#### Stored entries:
%%
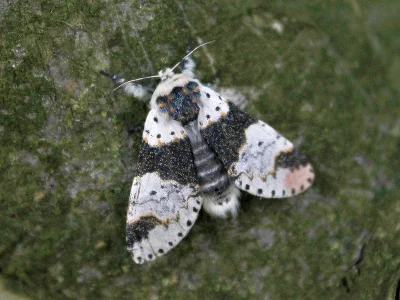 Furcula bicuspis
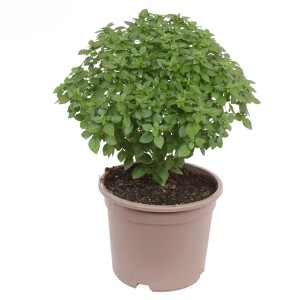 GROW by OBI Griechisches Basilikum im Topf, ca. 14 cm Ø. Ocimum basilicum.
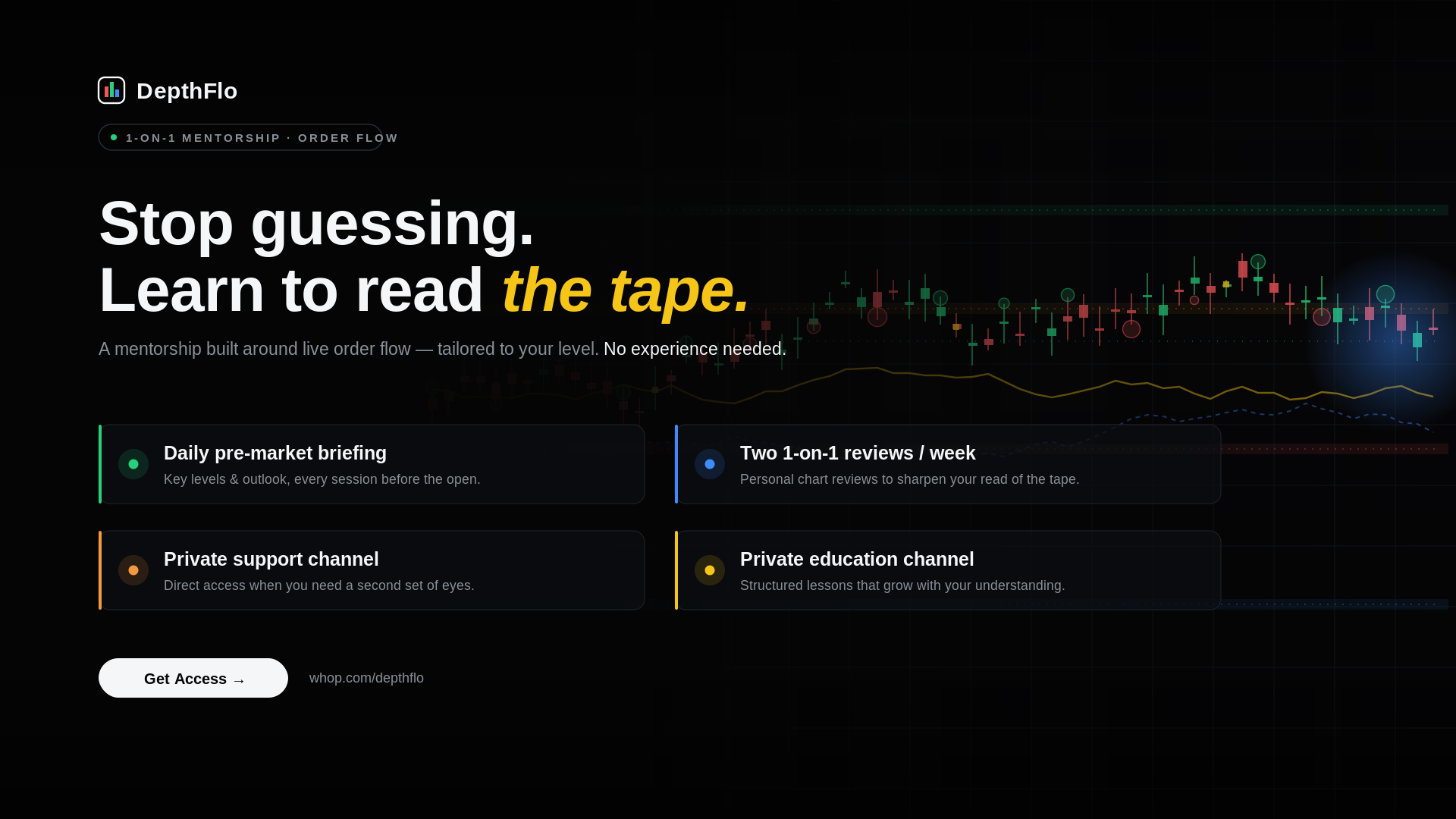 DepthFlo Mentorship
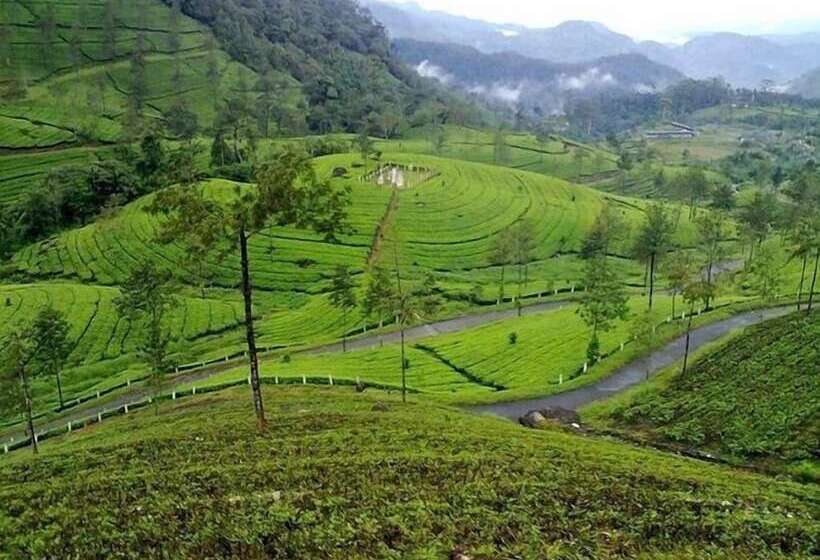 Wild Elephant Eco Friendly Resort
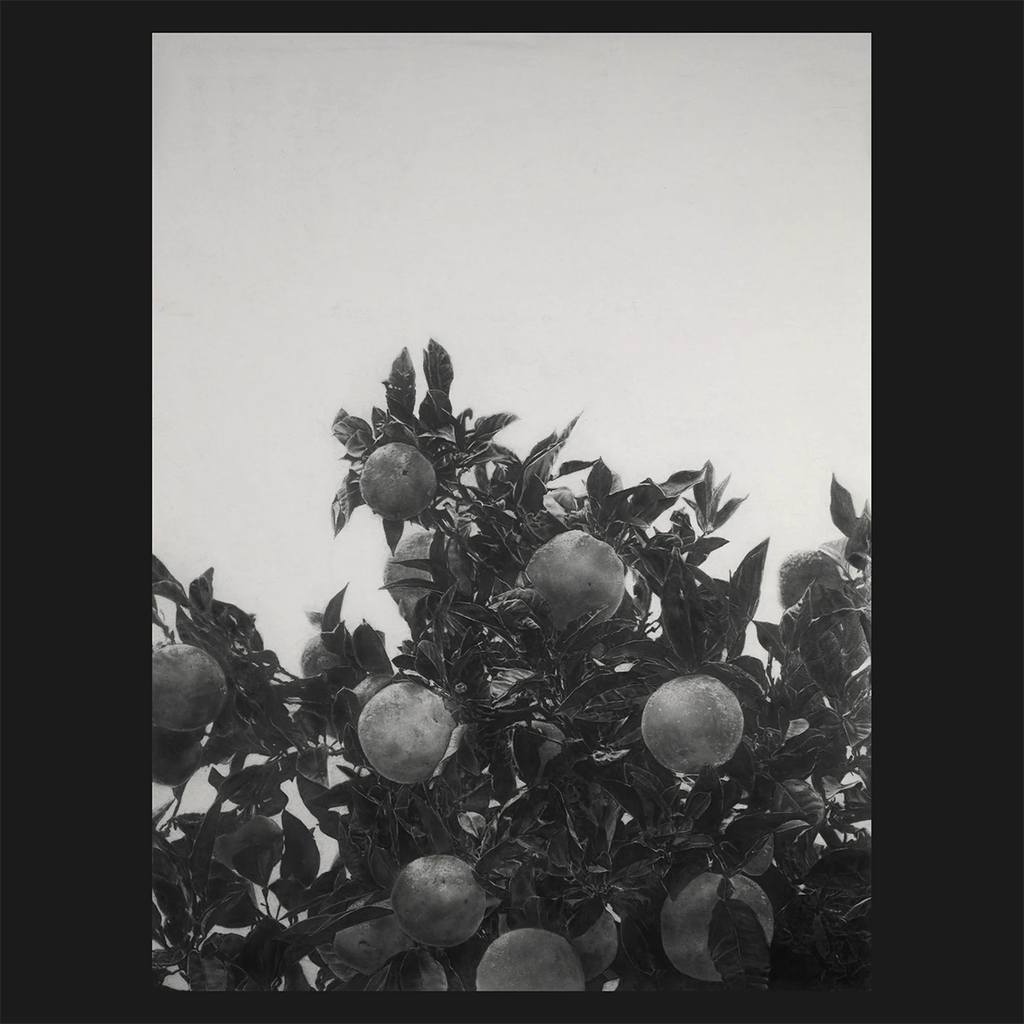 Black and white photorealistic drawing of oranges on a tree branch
%%
#### Brief:
Leave out the pictures; repeat the data exactly.

#### Answer area:
 Furcula bicuspis
 GROW by OBI Griechisches Basilikum im Topf, ca. 14 cm Ø. Ocimum basilicum.
 DepthFlo Mentorship
 Wild Elephant Eco Friendly Resort
 Black and white photorealistic drawing of oranges on a tree branch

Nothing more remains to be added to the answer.